You can chat with other researchers about this work here

Appreciation

  • Joseph for contributing the Relative Positional Encoding and the Smooth LDDT Loss!

  • Felipe for contributing Weighted Rigid Align, Express Coordinates In Frame, Compute Alignment Error, and Centre Random Augmentation modules!

  • Alex for fixing various issues in the transcribed algorithms

  • Heng for pointing out inconsistencies with the paper and pull requesting the solutions

  • Alex for the PDB dataset preparation script!

  • Patrick for jaxtyping, Florian for einx, and of course, Alex for einops

Install

$ pip install alphafold3-pytorch

Usage

import torch
from alphafold3_pytorch import Alphafold3

alphafold3 = Alphafold3(
    dim_atom_inputs = 77,
    dim_template_feats = 44
)

# mock inputs

seq_len = 16
molecule_atom_lens = torch.randint(1, 3, (2, seq_len))
atom_seq_len = molecule_atom_lens.sum(dim = -1).amax()

atom_inputs = torch.randn(2, atom_seq_len, 77)
atompair_inputs = torch.randn(2, atom_seq_len, atom_seq_len, 5)

additional_molecule_feats = torch.randn(2, seq_len, 10)

template_feats = torch.randn(2, 2, seq_len, seq_len, 44)
template_mask = torch.ones((2, 2)).bool()

msa = torch.randn(2, 7, seq_len, 64)
msa_mask = torch.ones((2, 7)).bool()

# required for training, but omitted on inference

atom_pos = torch.randn(2, atom_seq_len, 3)
molecule_atom_indices = molecule_atom_lens - 1 # last atom, as an example

distance_labels = torch.randint(0, 37, (2, seq_len, seq_len))
pae_labels = torch.randint(0, 64, (2, seq_len, seq_len))
pde_labels = torch.randint(0, 64, (2, seq_len, seq_len))
plddt_labels = torch.randint(0, 50, (2, seq_len))
resolved_labels = torch.randint(0, 2, (2, seq_len))

# train

loss = alphafold3(
    num_recycling_steps = 2,
    atom_inputs = atom_inputs,
    atompair_inputs = atompair_inputs,
    molecule_atom_lens = molecule_atom_lens,
    additional_molecule_feats = additional_molecule_feats,
    msa = msa,
    msa_mask = msa_mask,
    templates = template_feats,
    template_mask = template_mask,
    atom_pos = atom_pos,
    molecule_atom_indices = molecule_atom_indices,
    distance_labels = distance_labels,
    pae_labels = pae_labels,
    pde_labels = pde_labels,
    plddt_labels = plddt_labels,
    resolved_labels = resolved_labels
)

loss.backward()

# after much training ...

sampled_atom_pos = alphafold3(
    num_recycling_steps = 4,
    num_sample_steps = 16,
    atom_inputs = atom_inputs,
    atompair_inputs = atompair_inputs,
    molecule_atom_lens = molecule_atom_lens,
    additional_molecule_feats = additional_molecule_feats,
    msa = msa,
    msa_mask = msa_mask,
    templates = template_feats,
    template_mask = template_mask
)

sampled_atom_pos.shape # (2, <atom_seqlen>, 3)

Data preparation

To acquire the AlphaFold 3 PDB dataset, first download all complexes in the Protein Data Bank (PDB), and then preprocess them with the script referenced below. The PDB can be downloaded from the RCSB: https://www.wwpdb.org/ftp/pdb-ftp-sites#rcsbpdb. The script below assumes you have downloaded the PDB in the mmCIF file format (e.g., placing it at data/mmCIF/ by default).

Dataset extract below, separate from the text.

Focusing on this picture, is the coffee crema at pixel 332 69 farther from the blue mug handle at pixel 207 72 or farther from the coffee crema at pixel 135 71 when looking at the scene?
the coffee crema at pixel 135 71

On the RCSB website, navigate down to "Download Protocols", and follow the download instructions depending on your location.

WARNING: Downloading PDB can take up to 1TB of space.

After downloading, you should have a directory formatted like this: https://files.rcsb.org/pub/pdb/data/structures/divided/mmCIF/

00/
01/
02/
..
zz/

In this directory, unzip all the files:

find . -type f -name "*.gz" -exec gzip -d {} \;

Next run the commands wget -P data/CCD/ https://files.wwpdb.org/pub/pdb/data/monomers/components.cif.gz and wget -P data/CCD/ https://files.wwpdb.org/pub/pdb/data/component-models/complete/chem_comp_model.cif.gz from the project's root directory to download the latest version of the PDB's Chemical Component Dictionary (CCD) and its structural models. Extract each of these files using the command find data/CCD/ -type f -name "*.gz" -exec gzip -d {} \;.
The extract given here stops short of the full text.